Brief descriptive captions

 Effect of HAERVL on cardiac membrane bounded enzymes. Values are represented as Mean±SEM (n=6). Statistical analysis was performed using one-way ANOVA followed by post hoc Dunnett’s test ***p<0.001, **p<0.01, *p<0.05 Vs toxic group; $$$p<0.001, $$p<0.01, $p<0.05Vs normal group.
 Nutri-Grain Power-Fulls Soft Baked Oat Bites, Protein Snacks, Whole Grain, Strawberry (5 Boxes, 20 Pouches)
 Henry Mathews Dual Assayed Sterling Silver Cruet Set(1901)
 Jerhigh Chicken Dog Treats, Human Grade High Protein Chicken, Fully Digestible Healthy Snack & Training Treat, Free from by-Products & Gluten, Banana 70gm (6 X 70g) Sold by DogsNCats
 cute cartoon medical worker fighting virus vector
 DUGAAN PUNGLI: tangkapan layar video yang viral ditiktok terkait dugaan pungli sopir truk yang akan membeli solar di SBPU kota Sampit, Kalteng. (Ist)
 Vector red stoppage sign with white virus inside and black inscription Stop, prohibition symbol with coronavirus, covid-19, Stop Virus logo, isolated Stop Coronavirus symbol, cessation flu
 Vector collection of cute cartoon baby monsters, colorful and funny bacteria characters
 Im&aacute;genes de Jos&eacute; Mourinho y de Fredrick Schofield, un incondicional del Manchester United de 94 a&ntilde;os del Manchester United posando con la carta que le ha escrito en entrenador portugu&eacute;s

[Task to carry out]:
Word for word, restate the data above from its first line down to and including the line with "cute cartoon medical".

[Problem solution]:
 Effect of HAERVL on cardiac membrane bounded enzymes. Values are represented as Mean±SEM (n=6). Statistical analysis was performed using one-way ANOVA followed by post hoc Dunnett’s test ***p<0.001, **p<0.01, *p<0.05 Vs toxic group; $$$p<0.001, $$p<0.01, $p<0.05Vs normal group.
 Nutri-Grain Power-Fulls Soft Baked Oat Bites, Protein Snacks, Whole Grain, Strawberry (5 Boxes, 20 Pouches)
 Henry Mathews Dual Assayed Sterling Silver Cruet Set(1901)
 Jerhigh Chicken Dog Treats, Human Grade High Protein Chicken, Fully Digestible Healthy Snack & Training Treat, Free from by-Products & Gluten, Banana 70gm (6 X 70g) Sold by DogsNCats
 cute cartoon medical worker fighting virus vector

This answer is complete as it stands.